#### Requirement
Only one stretch of the data below is needed. Output the lines from the one with "Clock - Image 6" up to and including the one with "Fugu Pattern Print Design 02 Sofa Slipcover", exactly as they stand.
BEGIN
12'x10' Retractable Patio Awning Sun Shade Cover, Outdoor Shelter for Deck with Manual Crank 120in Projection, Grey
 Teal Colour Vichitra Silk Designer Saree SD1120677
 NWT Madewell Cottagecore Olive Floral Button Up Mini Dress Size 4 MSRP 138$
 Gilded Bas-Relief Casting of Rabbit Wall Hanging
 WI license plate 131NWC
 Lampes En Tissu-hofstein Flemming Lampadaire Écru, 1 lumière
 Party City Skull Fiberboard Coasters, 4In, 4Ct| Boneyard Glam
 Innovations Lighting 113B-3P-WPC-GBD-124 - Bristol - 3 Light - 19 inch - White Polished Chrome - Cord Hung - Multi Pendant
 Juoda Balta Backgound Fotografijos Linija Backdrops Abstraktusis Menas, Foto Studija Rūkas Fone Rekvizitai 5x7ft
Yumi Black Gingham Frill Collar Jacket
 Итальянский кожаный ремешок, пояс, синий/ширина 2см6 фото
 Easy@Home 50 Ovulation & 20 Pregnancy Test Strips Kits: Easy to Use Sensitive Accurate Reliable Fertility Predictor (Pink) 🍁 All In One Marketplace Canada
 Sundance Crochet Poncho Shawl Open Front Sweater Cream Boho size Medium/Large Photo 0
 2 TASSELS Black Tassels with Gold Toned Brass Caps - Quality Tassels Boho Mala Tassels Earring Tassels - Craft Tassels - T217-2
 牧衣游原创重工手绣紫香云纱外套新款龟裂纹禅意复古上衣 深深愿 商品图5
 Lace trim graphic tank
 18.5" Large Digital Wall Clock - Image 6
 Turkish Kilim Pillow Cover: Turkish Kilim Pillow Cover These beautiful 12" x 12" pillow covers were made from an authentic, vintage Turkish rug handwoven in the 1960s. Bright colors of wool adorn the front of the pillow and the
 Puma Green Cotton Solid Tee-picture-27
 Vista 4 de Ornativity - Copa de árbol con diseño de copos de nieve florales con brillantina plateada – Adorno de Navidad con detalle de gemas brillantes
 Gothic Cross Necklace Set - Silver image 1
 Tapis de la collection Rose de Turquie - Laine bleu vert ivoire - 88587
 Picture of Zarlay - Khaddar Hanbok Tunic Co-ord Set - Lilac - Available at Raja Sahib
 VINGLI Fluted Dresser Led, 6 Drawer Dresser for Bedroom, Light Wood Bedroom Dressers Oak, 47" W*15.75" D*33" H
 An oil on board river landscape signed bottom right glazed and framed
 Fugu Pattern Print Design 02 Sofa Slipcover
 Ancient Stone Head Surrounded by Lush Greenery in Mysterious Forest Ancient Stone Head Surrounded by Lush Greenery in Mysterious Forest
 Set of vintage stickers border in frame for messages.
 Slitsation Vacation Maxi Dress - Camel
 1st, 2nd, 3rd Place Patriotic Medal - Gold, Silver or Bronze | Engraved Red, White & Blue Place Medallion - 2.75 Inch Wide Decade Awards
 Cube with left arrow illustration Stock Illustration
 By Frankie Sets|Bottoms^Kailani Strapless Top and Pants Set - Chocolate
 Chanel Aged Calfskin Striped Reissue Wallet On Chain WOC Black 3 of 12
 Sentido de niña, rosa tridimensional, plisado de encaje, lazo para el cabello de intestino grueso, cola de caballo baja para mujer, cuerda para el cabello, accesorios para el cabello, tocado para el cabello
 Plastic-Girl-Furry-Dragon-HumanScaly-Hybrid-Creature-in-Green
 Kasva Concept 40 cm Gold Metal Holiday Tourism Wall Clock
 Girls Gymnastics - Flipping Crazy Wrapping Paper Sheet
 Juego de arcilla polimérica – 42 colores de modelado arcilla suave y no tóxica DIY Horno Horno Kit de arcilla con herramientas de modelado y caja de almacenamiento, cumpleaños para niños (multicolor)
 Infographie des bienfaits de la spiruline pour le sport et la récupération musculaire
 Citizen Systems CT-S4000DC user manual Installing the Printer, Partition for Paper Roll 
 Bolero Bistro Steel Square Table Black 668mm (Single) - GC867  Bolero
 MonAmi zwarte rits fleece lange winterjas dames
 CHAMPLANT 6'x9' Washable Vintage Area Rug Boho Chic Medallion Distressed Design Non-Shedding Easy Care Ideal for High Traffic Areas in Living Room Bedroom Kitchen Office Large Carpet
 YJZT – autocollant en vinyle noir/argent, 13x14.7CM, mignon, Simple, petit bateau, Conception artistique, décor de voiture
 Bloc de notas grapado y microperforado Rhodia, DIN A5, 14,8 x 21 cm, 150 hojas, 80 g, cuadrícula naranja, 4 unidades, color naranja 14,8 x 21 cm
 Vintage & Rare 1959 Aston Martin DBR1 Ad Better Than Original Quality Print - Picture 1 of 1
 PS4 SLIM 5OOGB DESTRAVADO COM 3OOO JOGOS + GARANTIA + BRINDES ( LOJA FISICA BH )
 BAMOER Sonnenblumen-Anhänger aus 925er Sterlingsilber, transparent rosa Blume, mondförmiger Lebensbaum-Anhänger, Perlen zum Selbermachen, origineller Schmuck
END
#### Written response
 18.5" Large Digital Wall Clock - Image 6
 Turkish Kilim Pillow Cover: Turkish Kilim Pillow Cover These beautiful 12" x 12" pillow covers were made from an authentic, vintage Turkish rug handwoven in the 1960s. Bright colors of wool adorn the front of the pillow and the
 Puma Green Cotton Solid Tee-picture-27
 Vista 4 de Ornativity - Copa de árbol con diseño de copos de nieve florales con brillantina plateada – Adorno de Navidad con detalle de gemas brillantes
 Gothic Cross Necklace Set - Silver image 1
 Tapis de la collection Rose de Turquie - Laine bleu vert ivoire - 88587
 Picture of Zarlay - Khaddar Hanbok Tunic Co-ord Set - Lilac - Available at Raja Sahib
 VINGLI Fluted Dresser Led, 6 Drawer Dresser for Bedroom, Light Wood Bedroom Dressers Oak, 47" W*15.75" D*33" H
 An oil on board river landscape signed bottom right glazed and framed
 Fugu Pattern Print Design 02 Sofa Slipcover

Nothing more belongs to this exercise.